Par Jean-François Vandeuren

Contrairement à la grande majorité des opus précédents du réalisateur canadien, voilà que ce Where the Truth Lies d’Atom Egoyan marque le passage de ce dernier vers un cinéma susceptible d’aller chercher un public beaucoup plus vaste que par le passé et ce, malgré la censure dont il pourrait bien être l’objet en sol américain. Cette fois-ci, Egoyan s’attaque à cette sorte de mythologie qui entoure les célébrités, mais dont la vie personnelle peut cependant posséder tous les éléments requis pour provoquer une profonde indignation à leur égard et donc une certaine forme d’hypocrisie chez le premier venu pour qui ces idoles doivent être exemptes de tout défaut. Le cinéaste d’origine arménienne reprend donc ici, à partir du roman de Rupert Holmes, le scénario classique d’une journaliste enquêtant sur le cas d’un duo comique qui fut extrêmement populaire dans les années 50 et qui se sépara en pleine gloire après un évènement trouble où une jeune femme fut retrouvée morte dans leur chambre d’hôtel au moment même où ils entraient dans la pièce.

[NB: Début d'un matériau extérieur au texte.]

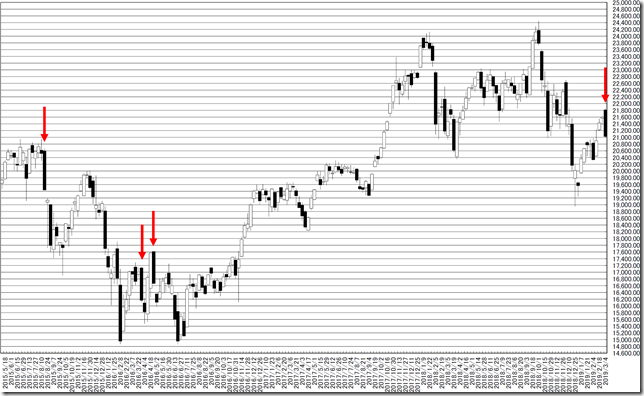 chart1_conv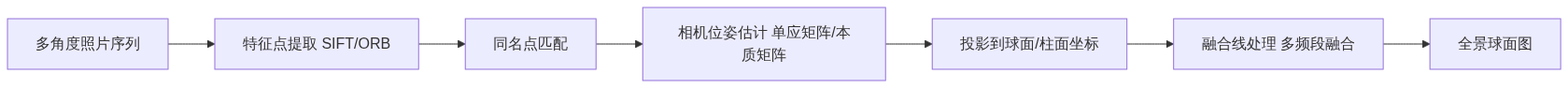 H01_全景照片原理_EXIF定位_知乎架构图1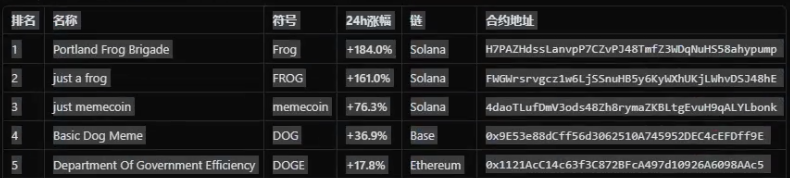 章鱼🐙🦭 tweet media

L’écrivaine tentera donc de faire la lumière sur cette affaire dont les principaux concernés pourraient bien être les seuls à connaitre la vérité.

Un scénario qui renvoie évidemment de bien des manières au Auto Focus de Paul Schrader par la façon dont Egoyan aborde les mœurs des célébrités, le but du film de ce dernier étant évidemment d’amener au tapis toute forme d’illusion mythique que peuvent créer les médias autour d’un individu, dans un domaine où même la réalité peut avoir été écrite afin de couvrir certains détails peu plaisants d’une personnalité pour qui la vie privée est désormais un luxe. La particularité du film d’Egoyan est qu’il ne cherche pas à calculer cet impact sur la réputation plus que sur l’individu en soi, un élément que ceux se régalant des scandales les plus juteux, même au cinéma, ne prennent pas toujours en considération. Egoyan fait encore part d’ailleurs d’un travail absolument redoutable au niveau du développement de ses personnages. Ce dernier n’a heureusement pas oublié cette fois-ci d’y inclure un scénario solide qui, à quelques occasions dans le passé, avait tendance à s’effacer devant cet aspect, voir Felicia’s Journey. Where the Truth Lies se joue aussi adroitement de plusieurs archétypes du genre, particulièrement au niveau des motivations et du caractère des principaux protagonistes dans leur façon de réagir aux évènements qui ne sont pas à ce point poussés dans la majorité des films ayant utilisés une telle formule auparavant.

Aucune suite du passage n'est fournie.